TASK DESCRIPTION:
Set each line of the material below down word for word, from the first through the line that holds "show from 09.26.25", but not the pictures.

EXTRACTED ENTRIES:
[Start of Attachment]
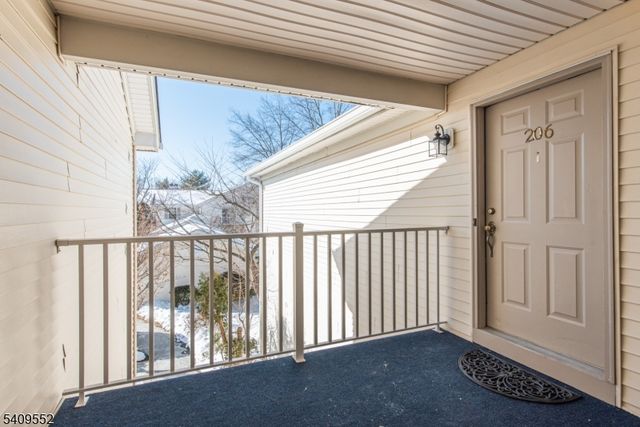 206 Potomac Dr, Bernards Twp., NJ 07920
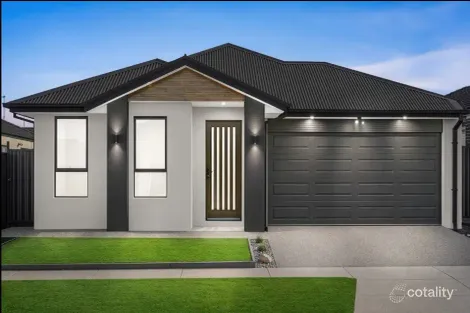 30 Makiti Cres, Harkness, VIC 3337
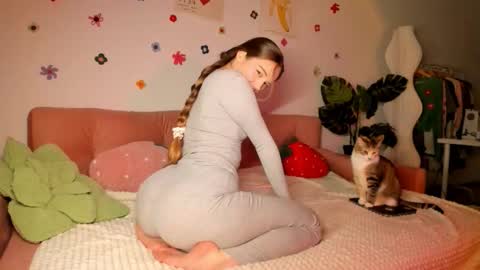 Amelia  shows on mondays fridays and sundays  if anything changes im giving updates on my fansly  online show from 09.26.25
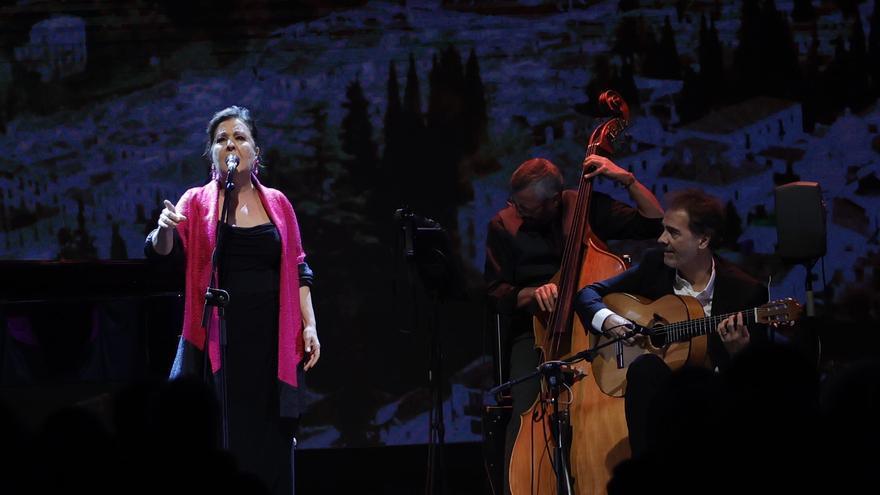 A por otros 40, Carmen: la crítica del concierto de Linares en Oviedo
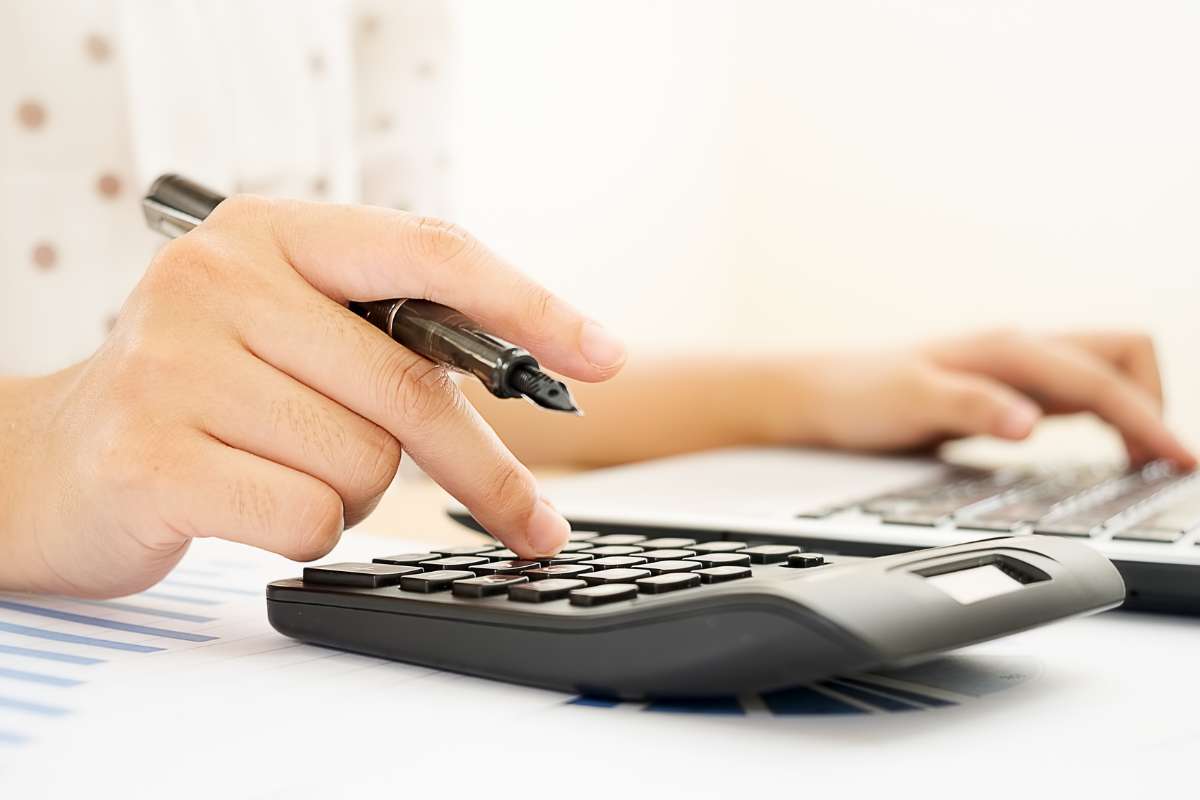 Cómo calcular el ISR paso a paso con ejemplos prácticos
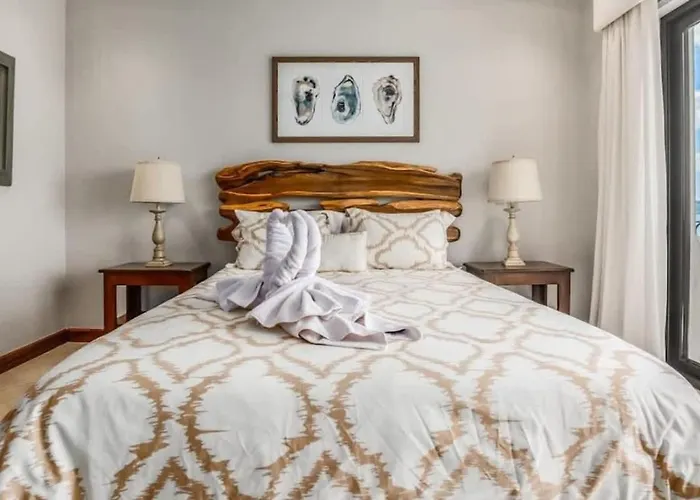Сasa de vacaciones Elegant Oceanview With Spacious Open-concept Floor Plan And Inviting Design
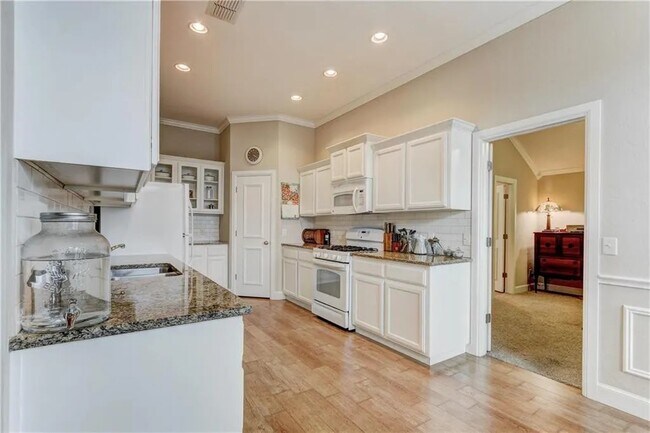 Building Photo - 713 Heather Wood Dr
[End of Attachment]
TASK OUTPUT:
 206 Potomac Dr, Bernards Twp., NJ 07920
 30 Makiti Cres, Harkness, VIC 3337
 Amelia  shows on mondays fridays and sundays  if anything changes im giving updates on my fansly  online show from 09.26.25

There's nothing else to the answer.